Notes de lecture "Ce qu'enseigner veut dire" (Prairat, 2016)

Référence

Contexte de la publication

  • L'auteur « Eirick Prairat est Professeur de Sciences de l'éducation1 à l'Université de Lorraine23 4,5 et membre de l'Institut Universitaire de France6,7 8 9 (chaire des Sciences et Philosophie de l'éducation). Il est également responsable de la collection « Questions d'éducation et de formation » aux PUN - Éditions Universitaires de Lorraine. » (https://fr.wikipedia.org/wiki/Eirick_Prairat)

  • La revue Skhole.fr « a été fondée en Juin 2008 par Guillaume Vergne et Julien Gautier, professeurs de philosophie en lycée [...] confrontés à de nombreuses interrogations concernant la pratique et le sens de l'enseignement. » (http://skhole.fr/apropos)

L'enseignant comme guide

« Et cela pour la bonne et simple raison que l'enseignement, à la différence de l'instruction, s'intéresse non seulement à la fin visée (transmettre des savoirs) mais aussi aux moyens à mettre en œuvre pour atteindre cette fin. »

« Enseigner c'est « dépayser » comme le dit George Steiner (Steiner et Ladjali, 2003, 27) »

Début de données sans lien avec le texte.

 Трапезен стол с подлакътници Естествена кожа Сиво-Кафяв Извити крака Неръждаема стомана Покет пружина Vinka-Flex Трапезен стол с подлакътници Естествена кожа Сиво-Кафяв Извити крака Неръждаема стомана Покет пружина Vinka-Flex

À travers cet article je retiens une première définition de l'enseignement comme un voyage vers un endroit inconnu, et de l'enseignant comme le guide qui trace un chemin.

Enseigner c'est montrer un chemin vers un point que l'enseignant connaît, mais que les apprenants ne connaissent pas.

« L'enseignant a le souci des modalités et du chemin, et lui seul peut vraiment avoir ce souci puisqu'il est le seul à connaître le point d'arrivée. »

« Si enseigner, insignare en latin, signifie originellement montrer, indiquer, alors enseigner c'est indiquer « les routes qui mènent aux formes supérieures du monde ». »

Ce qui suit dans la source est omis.